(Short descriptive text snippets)
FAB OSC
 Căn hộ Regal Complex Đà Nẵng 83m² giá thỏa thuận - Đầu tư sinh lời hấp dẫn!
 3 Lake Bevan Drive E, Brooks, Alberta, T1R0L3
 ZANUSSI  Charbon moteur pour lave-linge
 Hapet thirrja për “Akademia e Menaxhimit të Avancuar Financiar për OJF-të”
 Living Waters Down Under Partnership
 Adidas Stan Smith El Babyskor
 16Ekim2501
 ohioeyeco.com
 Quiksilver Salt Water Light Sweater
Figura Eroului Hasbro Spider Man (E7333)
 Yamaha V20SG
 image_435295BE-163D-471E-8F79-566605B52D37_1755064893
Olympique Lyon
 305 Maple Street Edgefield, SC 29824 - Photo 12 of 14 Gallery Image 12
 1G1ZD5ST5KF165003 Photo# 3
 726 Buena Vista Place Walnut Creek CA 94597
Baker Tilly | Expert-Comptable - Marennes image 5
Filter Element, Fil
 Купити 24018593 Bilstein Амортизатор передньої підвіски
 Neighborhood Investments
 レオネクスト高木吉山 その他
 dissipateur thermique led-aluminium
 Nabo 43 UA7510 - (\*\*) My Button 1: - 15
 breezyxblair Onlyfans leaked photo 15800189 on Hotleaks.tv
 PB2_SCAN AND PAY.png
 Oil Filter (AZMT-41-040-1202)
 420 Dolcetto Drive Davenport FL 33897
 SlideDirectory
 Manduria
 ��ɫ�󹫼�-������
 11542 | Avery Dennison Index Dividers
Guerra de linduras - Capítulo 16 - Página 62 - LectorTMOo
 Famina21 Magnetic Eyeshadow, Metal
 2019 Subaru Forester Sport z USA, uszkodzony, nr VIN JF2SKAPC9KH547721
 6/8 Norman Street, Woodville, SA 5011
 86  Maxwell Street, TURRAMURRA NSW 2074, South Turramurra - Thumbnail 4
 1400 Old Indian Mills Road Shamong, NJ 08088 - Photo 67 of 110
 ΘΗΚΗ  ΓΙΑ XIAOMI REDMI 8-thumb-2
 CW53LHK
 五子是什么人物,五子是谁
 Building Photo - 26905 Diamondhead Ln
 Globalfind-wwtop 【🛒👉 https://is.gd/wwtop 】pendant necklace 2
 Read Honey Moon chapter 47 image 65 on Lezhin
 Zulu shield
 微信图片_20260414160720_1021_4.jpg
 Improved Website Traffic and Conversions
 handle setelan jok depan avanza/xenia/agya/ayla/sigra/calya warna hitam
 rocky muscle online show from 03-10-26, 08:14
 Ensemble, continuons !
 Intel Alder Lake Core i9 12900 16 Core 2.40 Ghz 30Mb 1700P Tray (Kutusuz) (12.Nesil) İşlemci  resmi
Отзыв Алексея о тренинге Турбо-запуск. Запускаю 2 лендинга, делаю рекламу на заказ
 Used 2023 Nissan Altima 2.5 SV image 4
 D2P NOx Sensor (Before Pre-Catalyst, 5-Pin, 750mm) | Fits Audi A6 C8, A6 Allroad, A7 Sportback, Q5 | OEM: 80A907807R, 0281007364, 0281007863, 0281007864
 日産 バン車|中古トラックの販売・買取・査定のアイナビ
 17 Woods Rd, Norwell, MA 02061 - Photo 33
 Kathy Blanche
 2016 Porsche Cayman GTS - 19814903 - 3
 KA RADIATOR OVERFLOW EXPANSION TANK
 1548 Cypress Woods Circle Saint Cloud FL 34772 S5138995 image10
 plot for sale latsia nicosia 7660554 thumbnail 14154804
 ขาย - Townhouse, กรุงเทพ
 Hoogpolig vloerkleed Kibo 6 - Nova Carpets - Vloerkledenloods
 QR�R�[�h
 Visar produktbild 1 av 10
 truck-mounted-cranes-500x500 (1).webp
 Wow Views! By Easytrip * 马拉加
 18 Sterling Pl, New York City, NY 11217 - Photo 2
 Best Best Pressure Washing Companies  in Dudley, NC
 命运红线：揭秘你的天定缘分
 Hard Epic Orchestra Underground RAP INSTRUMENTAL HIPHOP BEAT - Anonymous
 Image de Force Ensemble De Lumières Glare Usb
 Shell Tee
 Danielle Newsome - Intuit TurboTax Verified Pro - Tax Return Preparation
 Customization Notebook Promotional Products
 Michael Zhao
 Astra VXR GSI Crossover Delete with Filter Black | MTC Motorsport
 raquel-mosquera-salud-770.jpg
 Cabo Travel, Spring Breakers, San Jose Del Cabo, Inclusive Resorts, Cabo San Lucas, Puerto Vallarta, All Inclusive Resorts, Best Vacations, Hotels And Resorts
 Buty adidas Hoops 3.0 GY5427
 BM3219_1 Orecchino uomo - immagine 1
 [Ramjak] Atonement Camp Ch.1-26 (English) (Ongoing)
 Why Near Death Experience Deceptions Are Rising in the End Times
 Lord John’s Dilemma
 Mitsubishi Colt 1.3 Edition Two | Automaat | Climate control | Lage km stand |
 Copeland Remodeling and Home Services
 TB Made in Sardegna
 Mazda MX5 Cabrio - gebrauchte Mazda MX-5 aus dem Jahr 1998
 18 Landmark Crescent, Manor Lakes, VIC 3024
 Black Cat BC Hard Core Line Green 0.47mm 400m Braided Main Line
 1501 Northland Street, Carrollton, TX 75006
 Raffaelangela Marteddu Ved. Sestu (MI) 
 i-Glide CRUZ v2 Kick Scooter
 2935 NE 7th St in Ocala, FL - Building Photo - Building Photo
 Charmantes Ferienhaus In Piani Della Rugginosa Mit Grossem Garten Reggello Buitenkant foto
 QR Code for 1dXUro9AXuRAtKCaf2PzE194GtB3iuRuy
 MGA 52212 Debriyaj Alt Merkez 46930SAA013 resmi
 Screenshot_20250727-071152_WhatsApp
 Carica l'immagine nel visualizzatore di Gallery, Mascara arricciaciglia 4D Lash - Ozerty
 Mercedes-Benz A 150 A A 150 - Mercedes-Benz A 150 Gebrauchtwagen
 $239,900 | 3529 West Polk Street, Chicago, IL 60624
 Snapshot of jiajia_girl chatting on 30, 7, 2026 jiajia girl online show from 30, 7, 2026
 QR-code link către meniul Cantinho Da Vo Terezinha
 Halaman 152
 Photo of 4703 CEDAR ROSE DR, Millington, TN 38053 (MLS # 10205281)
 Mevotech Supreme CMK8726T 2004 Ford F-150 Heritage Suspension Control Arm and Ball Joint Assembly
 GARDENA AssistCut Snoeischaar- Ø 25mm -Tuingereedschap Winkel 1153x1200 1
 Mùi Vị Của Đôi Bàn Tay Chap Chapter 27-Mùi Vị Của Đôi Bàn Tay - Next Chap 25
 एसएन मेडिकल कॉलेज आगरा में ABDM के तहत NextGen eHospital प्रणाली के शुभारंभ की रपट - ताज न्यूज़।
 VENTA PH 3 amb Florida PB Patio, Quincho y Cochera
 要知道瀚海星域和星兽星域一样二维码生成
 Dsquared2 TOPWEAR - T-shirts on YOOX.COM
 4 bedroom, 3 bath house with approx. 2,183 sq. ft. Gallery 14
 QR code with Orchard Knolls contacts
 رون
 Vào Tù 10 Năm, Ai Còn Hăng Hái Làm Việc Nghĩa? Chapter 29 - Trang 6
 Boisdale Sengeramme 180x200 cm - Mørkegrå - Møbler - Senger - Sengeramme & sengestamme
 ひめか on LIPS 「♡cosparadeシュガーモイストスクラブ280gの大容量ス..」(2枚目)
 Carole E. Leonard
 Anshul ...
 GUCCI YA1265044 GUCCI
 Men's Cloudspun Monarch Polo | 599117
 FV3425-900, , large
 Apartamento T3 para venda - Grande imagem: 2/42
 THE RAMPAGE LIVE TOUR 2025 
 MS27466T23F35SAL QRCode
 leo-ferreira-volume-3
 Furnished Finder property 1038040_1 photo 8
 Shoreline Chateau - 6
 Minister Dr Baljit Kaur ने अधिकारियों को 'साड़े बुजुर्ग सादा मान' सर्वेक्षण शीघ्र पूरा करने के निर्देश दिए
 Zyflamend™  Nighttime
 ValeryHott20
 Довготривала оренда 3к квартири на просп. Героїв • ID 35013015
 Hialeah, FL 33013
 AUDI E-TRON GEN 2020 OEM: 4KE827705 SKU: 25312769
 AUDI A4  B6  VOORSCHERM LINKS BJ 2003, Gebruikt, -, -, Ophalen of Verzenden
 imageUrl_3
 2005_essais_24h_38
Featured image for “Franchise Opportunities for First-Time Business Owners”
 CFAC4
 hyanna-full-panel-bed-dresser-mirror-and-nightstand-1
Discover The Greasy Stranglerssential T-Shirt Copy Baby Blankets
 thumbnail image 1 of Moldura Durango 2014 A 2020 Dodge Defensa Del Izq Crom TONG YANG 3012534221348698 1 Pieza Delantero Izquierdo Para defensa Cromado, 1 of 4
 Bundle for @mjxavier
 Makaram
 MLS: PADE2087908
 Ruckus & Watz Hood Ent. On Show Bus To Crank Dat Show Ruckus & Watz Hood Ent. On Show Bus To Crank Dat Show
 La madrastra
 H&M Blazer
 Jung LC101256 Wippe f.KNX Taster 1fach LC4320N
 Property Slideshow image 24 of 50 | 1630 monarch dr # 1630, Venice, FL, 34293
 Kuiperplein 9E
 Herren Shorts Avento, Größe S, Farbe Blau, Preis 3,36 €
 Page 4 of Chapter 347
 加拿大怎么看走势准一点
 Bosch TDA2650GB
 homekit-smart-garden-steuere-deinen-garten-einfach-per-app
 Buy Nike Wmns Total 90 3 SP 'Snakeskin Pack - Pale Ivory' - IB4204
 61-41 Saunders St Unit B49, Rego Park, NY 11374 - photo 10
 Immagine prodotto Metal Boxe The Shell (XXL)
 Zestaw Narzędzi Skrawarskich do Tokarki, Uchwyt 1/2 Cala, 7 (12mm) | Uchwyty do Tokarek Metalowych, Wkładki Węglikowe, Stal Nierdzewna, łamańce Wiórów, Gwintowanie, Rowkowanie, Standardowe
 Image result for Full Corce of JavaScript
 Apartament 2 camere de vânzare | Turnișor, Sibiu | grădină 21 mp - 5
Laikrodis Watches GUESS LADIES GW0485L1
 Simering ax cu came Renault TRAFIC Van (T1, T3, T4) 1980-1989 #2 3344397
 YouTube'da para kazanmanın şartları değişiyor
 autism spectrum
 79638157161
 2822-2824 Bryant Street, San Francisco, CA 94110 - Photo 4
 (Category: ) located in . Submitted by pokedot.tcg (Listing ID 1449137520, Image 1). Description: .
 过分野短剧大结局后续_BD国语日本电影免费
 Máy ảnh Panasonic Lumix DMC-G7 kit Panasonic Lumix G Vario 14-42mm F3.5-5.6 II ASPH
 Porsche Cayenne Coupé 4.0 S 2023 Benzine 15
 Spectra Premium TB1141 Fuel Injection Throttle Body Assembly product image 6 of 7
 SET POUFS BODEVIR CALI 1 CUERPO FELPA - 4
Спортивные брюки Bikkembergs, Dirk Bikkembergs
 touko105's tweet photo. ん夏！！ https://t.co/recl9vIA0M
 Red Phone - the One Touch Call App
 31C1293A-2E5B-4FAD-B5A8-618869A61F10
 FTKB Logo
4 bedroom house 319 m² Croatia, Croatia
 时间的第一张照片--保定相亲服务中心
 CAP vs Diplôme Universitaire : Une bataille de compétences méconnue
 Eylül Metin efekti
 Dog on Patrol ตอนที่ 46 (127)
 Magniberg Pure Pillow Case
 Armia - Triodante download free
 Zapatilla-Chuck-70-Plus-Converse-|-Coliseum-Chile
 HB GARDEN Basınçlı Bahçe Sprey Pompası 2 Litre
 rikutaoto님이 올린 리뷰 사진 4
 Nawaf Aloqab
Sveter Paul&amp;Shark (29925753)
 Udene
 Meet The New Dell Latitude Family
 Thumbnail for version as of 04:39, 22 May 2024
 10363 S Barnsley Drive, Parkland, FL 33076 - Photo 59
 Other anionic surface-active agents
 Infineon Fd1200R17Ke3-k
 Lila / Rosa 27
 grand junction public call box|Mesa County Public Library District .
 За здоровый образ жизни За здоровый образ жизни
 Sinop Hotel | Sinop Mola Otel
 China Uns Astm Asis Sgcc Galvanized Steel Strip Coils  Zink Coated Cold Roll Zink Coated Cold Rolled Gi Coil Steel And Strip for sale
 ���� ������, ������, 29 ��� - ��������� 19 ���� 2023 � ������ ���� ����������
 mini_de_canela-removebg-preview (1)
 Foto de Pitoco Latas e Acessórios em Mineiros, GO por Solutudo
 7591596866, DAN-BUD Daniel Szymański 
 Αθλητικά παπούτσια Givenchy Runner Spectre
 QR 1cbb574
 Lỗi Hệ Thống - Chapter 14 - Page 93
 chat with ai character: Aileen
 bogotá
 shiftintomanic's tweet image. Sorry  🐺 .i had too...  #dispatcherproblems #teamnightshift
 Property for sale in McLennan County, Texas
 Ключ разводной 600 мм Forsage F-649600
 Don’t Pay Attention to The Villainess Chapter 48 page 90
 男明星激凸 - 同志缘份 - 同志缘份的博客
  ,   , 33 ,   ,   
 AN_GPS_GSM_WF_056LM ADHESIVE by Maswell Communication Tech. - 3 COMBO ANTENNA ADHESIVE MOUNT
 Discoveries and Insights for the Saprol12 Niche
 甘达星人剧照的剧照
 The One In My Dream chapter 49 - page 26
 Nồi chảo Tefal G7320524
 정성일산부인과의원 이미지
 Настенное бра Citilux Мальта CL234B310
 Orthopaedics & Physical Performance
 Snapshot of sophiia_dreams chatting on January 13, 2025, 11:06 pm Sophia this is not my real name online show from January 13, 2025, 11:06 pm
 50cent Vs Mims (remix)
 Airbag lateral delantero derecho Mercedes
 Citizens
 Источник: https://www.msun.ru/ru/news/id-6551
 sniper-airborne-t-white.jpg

**TASK GOAL**
Among the entries above, find every line holding "sale" and copy it.

**OUTPUT BELOW**
 plot for sale latsia nicosia 7660554 thumbnail 14154804
 China Uns Astm Asis Sgcc Galvanized Steel Strip Coils  Zink Coated Cold Roll Zink Coated Cold Rolled Gi Coil Steel And Strip for sale
 Property for sale in McLennan County, Texas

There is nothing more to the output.